We are all familiar with the phrase 'birds of a feather flock together', meaning that those of similar tastes congregate in groups. Flock has two meanings, however. One applies to a group of animals or birds or people, and the other to tufts of wool, eg as in flock wallpaper. The latter use comes from the Latin floccus, which means a tuft of wool, and flocculus means a little tuft. 

We now use floc to mean the rather fuzzy particles produced when a solute comes out of solution and clumps together. The process is called flocculation.


Flocculation is related to a more common process - precipitation. One of the most arresting reactions in chemistry is the formation of a precipitate. Two clear solutions are mixed and a solid suddenly appears in the solution; white for silver(I) chloride, yellow for lead(II) iodide, blue for copper(III) hydroxide.  

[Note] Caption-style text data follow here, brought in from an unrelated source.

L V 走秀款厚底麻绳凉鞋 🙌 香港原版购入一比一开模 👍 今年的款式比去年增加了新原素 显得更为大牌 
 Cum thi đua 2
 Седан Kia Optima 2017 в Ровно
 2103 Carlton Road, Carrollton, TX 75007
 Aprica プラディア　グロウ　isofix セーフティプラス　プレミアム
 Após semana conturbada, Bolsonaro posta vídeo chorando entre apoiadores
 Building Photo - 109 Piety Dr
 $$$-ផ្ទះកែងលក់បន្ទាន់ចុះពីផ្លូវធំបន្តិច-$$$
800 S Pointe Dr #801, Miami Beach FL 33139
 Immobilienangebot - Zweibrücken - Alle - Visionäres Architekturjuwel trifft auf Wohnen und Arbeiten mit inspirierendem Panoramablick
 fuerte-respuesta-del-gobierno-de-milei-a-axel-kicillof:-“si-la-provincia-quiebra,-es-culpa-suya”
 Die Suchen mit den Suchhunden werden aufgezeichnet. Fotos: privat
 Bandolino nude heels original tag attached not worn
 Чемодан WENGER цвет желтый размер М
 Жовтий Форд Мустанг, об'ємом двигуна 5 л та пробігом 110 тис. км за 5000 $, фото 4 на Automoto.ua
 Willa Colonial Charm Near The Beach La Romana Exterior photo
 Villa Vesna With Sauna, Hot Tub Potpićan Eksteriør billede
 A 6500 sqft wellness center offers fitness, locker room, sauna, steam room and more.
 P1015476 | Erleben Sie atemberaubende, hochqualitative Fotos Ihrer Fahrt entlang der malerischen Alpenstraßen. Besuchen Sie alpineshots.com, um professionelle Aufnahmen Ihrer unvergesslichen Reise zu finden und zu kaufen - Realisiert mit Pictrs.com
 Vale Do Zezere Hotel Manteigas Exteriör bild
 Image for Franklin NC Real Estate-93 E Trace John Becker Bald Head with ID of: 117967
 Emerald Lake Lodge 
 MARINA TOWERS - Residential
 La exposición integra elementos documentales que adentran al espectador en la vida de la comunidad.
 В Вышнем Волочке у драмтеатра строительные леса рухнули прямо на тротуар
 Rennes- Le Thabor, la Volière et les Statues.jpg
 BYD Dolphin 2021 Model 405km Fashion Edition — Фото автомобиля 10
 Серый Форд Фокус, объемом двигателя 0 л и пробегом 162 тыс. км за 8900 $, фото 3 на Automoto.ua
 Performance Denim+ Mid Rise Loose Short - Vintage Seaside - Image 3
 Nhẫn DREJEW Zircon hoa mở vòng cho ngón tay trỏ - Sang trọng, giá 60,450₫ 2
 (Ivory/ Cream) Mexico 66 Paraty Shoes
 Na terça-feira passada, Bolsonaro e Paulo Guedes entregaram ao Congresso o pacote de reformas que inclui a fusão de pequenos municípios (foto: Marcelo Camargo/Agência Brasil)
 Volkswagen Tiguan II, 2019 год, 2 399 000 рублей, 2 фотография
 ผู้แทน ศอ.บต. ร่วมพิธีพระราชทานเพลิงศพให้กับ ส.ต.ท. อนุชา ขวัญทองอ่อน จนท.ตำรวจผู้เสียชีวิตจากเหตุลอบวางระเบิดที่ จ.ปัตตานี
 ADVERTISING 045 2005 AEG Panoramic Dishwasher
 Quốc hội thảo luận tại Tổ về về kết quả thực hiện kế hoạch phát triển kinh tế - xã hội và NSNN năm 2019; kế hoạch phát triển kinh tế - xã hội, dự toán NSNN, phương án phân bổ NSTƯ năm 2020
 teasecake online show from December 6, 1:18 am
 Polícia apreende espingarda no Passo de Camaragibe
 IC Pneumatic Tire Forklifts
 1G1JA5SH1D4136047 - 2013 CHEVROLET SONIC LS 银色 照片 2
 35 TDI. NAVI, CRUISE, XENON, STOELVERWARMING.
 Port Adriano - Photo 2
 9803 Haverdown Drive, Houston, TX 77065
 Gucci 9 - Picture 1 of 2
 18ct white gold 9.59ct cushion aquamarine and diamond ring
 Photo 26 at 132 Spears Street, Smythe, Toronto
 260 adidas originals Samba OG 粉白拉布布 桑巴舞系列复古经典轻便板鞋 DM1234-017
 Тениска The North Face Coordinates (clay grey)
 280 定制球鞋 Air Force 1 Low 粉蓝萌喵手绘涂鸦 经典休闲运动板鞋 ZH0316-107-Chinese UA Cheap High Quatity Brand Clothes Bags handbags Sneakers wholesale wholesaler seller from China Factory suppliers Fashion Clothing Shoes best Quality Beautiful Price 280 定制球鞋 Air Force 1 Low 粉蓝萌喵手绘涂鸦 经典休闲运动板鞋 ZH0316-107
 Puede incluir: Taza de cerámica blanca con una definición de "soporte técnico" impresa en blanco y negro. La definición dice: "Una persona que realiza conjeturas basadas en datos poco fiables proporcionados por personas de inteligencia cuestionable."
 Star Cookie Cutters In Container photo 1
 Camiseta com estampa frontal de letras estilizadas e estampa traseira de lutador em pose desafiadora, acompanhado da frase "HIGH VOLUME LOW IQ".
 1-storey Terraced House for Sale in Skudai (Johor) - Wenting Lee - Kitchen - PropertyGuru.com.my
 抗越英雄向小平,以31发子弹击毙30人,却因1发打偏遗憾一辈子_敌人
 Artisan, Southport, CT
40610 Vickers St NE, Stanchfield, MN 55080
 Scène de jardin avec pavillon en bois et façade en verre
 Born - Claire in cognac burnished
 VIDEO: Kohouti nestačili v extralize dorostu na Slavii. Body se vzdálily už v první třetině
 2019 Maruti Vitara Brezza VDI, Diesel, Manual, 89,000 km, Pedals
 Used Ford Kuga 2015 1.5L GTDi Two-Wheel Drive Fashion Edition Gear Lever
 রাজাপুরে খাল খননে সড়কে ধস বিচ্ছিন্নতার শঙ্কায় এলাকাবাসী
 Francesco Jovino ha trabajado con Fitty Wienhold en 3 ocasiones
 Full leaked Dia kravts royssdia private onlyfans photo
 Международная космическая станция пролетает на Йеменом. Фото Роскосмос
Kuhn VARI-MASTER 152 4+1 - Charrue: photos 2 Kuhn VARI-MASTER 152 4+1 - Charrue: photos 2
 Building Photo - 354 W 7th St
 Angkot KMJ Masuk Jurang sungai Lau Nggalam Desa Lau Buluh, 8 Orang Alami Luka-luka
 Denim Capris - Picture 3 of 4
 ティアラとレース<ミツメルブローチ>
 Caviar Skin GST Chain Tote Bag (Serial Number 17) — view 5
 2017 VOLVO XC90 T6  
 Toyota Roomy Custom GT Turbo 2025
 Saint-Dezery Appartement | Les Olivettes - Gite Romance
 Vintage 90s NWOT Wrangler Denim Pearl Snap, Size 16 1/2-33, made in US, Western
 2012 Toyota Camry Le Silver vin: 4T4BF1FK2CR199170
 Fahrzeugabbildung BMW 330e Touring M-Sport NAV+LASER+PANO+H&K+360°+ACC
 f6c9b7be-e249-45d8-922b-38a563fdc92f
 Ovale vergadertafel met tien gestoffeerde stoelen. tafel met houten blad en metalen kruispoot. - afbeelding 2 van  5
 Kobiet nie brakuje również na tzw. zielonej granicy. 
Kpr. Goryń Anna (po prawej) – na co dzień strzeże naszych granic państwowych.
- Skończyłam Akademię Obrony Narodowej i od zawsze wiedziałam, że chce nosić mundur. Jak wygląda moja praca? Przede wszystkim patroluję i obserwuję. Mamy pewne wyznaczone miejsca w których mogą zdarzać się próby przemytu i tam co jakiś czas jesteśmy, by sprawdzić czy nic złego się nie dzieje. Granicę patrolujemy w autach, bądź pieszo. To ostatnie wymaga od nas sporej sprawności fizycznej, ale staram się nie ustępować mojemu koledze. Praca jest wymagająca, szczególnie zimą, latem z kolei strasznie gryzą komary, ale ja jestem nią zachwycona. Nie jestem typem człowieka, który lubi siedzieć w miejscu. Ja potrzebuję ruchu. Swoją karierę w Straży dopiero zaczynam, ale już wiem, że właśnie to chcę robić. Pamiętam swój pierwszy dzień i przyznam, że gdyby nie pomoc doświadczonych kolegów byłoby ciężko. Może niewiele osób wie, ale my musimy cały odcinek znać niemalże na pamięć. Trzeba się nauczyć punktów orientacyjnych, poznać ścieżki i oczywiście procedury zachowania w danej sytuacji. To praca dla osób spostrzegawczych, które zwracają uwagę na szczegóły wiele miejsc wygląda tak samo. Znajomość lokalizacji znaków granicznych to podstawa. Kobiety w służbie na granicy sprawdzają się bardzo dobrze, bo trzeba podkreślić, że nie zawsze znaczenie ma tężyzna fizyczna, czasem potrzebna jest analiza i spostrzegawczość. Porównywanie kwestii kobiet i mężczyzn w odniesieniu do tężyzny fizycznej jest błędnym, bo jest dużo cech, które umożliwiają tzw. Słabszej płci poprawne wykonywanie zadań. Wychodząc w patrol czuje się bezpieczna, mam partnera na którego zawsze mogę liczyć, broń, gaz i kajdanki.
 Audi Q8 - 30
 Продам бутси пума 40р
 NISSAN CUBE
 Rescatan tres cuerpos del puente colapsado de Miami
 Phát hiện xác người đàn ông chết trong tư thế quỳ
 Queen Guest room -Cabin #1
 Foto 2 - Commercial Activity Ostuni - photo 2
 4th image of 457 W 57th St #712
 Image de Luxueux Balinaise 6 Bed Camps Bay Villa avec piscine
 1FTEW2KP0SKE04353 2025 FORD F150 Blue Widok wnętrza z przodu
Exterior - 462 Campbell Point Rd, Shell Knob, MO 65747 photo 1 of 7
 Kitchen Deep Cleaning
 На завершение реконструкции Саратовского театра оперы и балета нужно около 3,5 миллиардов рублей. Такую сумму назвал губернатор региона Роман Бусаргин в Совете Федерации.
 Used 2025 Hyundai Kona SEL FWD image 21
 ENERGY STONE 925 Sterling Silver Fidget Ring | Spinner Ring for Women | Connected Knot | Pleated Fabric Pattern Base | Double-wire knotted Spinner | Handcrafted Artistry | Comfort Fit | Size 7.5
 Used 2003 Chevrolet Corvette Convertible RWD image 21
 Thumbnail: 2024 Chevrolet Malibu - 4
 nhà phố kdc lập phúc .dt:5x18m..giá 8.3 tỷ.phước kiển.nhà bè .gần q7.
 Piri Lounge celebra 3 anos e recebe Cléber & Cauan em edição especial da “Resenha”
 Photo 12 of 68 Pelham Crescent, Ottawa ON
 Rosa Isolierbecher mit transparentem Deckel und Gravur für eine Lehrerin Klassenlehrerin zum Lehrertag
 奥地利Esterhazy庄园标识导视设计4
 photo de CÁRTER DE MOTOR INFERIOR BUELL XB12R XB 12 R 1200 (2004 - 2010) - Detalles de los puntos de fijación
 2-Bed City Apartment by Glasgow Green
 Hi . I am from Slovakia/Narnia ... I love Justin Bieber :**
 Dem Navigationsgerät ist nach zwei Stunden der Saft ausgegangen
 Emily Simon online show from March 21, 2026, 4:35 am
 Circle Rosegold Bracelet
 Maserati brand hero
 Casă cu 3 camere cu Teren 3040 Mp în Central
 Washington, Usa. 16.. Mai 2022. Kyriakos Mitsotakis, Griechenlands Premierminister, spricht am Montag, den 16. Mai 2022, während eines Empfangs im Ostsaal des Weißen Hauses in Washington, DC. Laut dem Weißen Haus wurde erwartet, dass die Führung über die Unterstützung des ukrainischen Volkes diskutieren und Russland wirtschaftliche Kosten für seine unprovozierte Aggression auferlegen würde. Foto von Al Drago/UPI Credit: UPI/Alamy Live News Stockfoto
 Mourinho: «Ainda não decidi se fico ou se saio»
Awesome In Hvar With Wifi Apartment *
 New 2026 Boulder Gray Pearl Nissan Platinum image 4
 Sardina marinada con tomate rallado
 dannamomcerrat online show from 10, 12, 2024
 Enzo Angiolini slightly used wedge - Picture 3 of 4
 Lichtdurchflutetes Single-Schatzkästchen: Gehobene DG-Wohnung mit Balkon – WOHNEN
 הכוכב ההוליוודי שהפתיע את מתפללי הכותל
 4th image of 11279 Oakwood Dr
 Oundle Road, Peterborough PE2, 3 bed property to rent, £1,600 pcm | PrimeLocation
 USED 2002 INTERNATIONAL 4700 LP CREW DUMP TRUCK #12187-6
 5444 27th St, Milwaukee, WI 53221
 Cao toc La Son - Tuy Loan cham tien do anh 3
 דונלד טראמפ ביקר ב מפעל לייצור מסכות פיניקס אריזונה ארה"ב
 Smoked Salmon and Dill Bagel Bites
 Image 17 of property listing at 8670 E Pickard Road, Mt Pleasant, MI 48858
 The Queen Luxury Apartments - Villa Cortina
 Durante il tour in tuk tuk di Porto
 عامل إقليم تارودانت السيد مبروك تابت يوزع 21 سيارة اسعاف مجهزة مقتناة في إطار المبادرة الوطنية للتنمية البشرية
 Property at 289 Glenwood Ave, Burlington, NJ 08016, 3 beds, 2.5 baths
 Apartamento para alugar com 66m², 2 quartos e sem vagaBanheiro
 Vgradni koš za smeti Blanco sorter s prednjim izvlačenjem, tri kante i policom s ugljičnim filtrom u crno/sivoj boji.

Sometimes in chemistry precipitation is obvious and the solid literally seems to fall out of solution and settles at the bottom of the vessel. In other cases the solution just becomes cloudy or opaque because fine particles become suspended in the solution. Often these particles are colloidal in nature, with sizes ranging between those of molecules and larger particles. Brownian motion caused by molecular collisions with the solvent molecules keeps these particles in suspension. 

Size isn't everything 

Apart from size, another reason why colloidal particles might not collect together is because they are charged, and having the same charge they repel each other. Water is often contaminated with charged colloidal particles, which affect its colour and taste. Flocculating agents, such as aluminium and iron(III) salts or polyelectrolytes, neutralise the charges on the particles so that they clump together to form a floc. The floc settles in the water and can be filtered off, removing with it the taste and colour.  

Some colloidal particles are so fine that they are almost invisible but show up as a cloudy track when a thin beam of light is passed through the suspension. This is the Tyndall effect, named after the Irish scientist John Tyndall (1820-93). The small dispersed particles scatter the beam of light in all directions. The same effect means smoke particles can be used to make a laser beam visible.